:: DATA EXCERPT

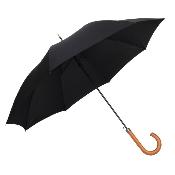 Parapluie de marche unisexe - Ouverture automatique - Résistant au vent - Poignée en bois - Noir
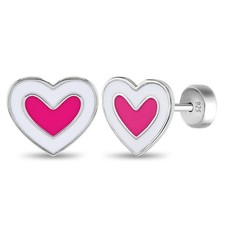 Hearts Baby / Toddler / Kids Earrings Safety Push Back Enamel - Sterling Silver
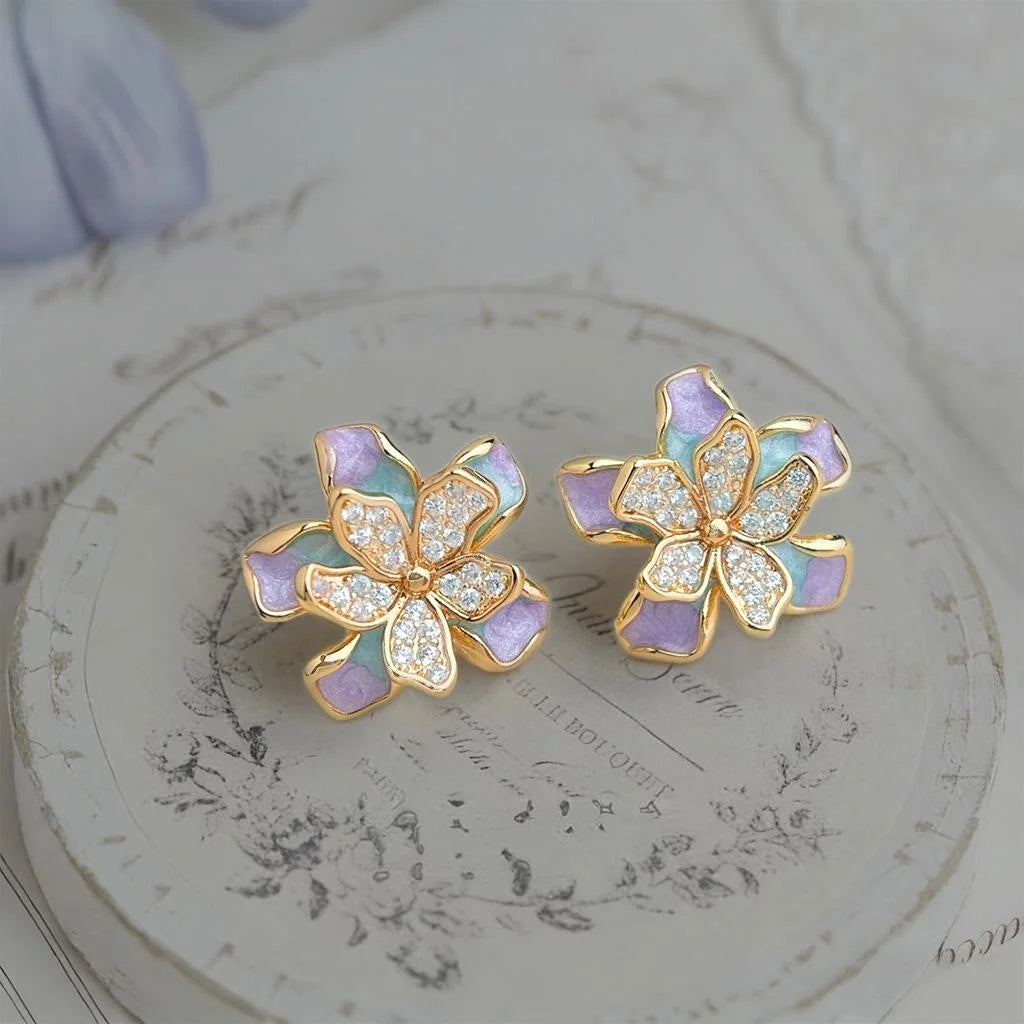 Sweet Floral Zircon Enamel Copper Stud Earrings, Designer Summer Flower Petal Jewelry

::::

_PROBLEM DETAILS_. An exact restatement is expected of the lines from the line containing "Hearts Baby /" to the end of the data above, pictures excluded.

_TASK ANSWER_.
 Hearts Baby / Toddler / Kids Earrings Safety Push Back Enamel - Sterling Silver
 Sweet Floral Zircon Enamel Copper Stud Earrings, Designer Summer Flower Petal Jewelry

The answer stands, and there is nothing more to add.